Re: [Bug 6670] Allow unescaped &s, at least in attributes that accept URLs

Ian Hickson wrote:
> On Fri, 29 May 2009, Julian Reschke wrote:
>> Ian Hickson wrote:
>>> On Fri, 29 May 2009, Julian Reschke wrote:
>>>>> I've tried to do this. The spec text for this is highly unintuitive, but
>>>>> I hope it matches practical intuition more than the previous text. I'm
>>>>> not compeltely convinced that this is a good idea, so let me know if you
>>>>> think this should be changed back.
>>>> If this mean that it's not conforming: -1!
>>> I don't understand what you mean.
>> I meant: "If this mean that it becomes conforming (= "valid"): -1".
> 
> What exactly do you mean by "it" and what do you have any technical 
> objections other than negative numbers?

You are making something "valid" which makes parsing href attributes 
significantly harder, and which increases the risk of these kinds of 
references leaking into other formats.

The only reason you have given was hearsay about reducing the size of 
certain documents; I have mentioned other ways that reduce the size more 
significantly, one of which could be deployed right away.

>>>> There are better ways to achieve shorter href attributes, such as 
>>>> using ";" instead of "&" as query parameter delimiter.
>>> Unfortunately we are stuck with "&" for systems that use form 
>>> submission.
>> How many of the escaped ampersands in the response to a Google Search 
>> are contained in href attributes that point to Google services? Fix 
>> those to accept ";" instead of "&", and replace them in the links.
> 
> Supporting both '&' and ';' seems like a exercise in bug creation. Parsing 
> URIs is hard enough to do right as it is without making things even more 
> complicated and adding even more edge cases.
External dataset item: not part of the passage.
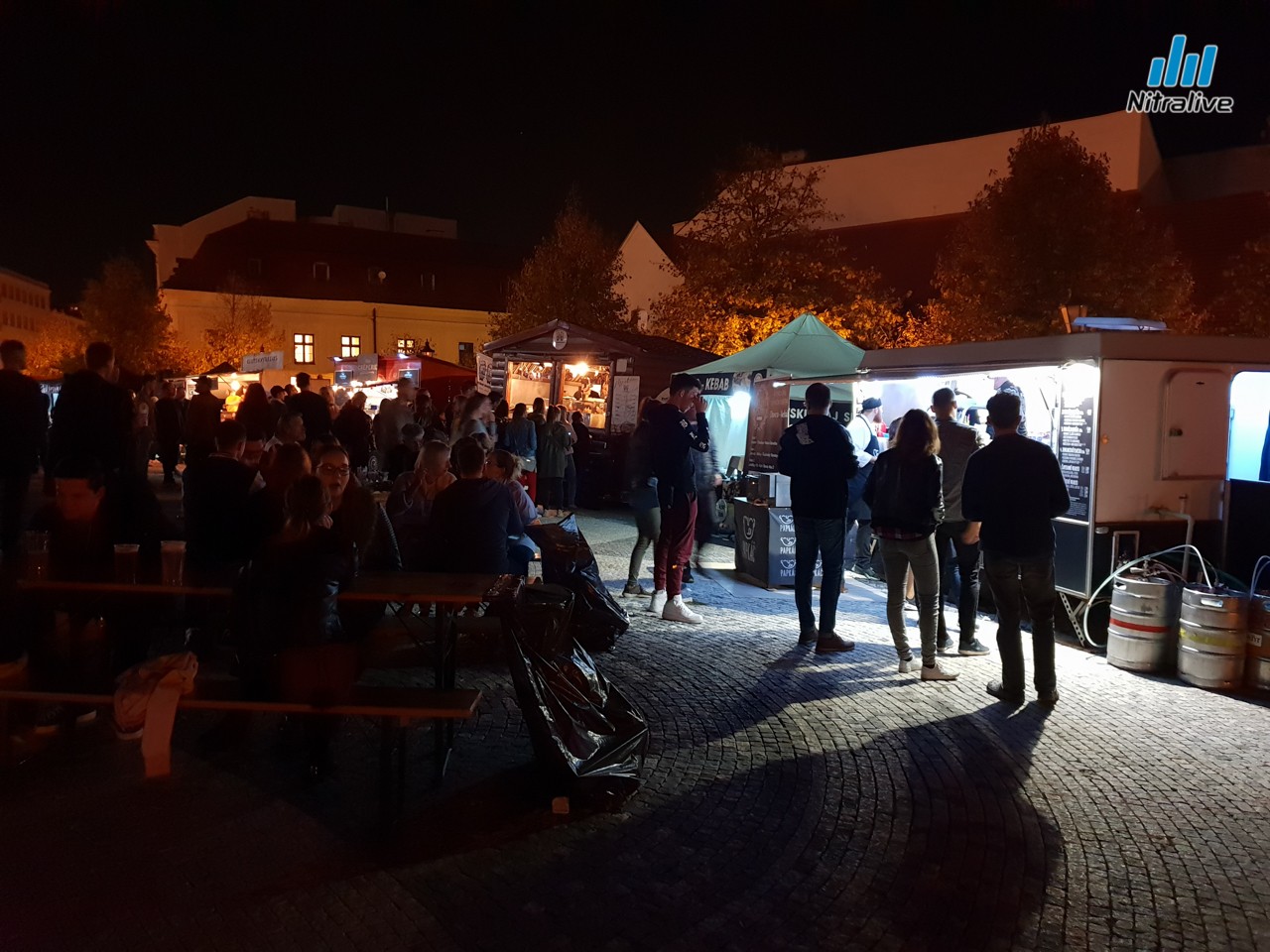 Nitránsky Októberfest 2018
But that's exactly what you are doing, except here it applies to parsing 
href attributes, not URIs.

>> Furthermore, there are other means to optimize for size, such as using 
>> gzip (which saves ~75% on the response I just tried), or using a 
>> client-side include mechanism for static parts of the page (this was 
>> proposed several times in the past, and rejected as not needed).
> 
> And once those have been done, you can still save more bytes by not 
> including the "amp;" each time.

I just tried the search result page for "html5".

Original size: 29722 (gzipped 7753 - 26%)
after replacing all "&amp" by "&": 29518 - 99% (gzipped 7755 - 26%)

So the win by replacing all & instances was 1%, not 7%, but gzip 
reduces the size by 3/4. Also note that applying gzip to the "optimized" 
version in this particular case yielded a *longer* result.

> But that's academic; this is one of the most common syntax errors and 
> there really is no reason why it should be one, as far as I can tell. Why 
> would we want to make this a parse error?

See above.

BR, Julian

Received on Monday, 1 June 2009 10:00:36 UTC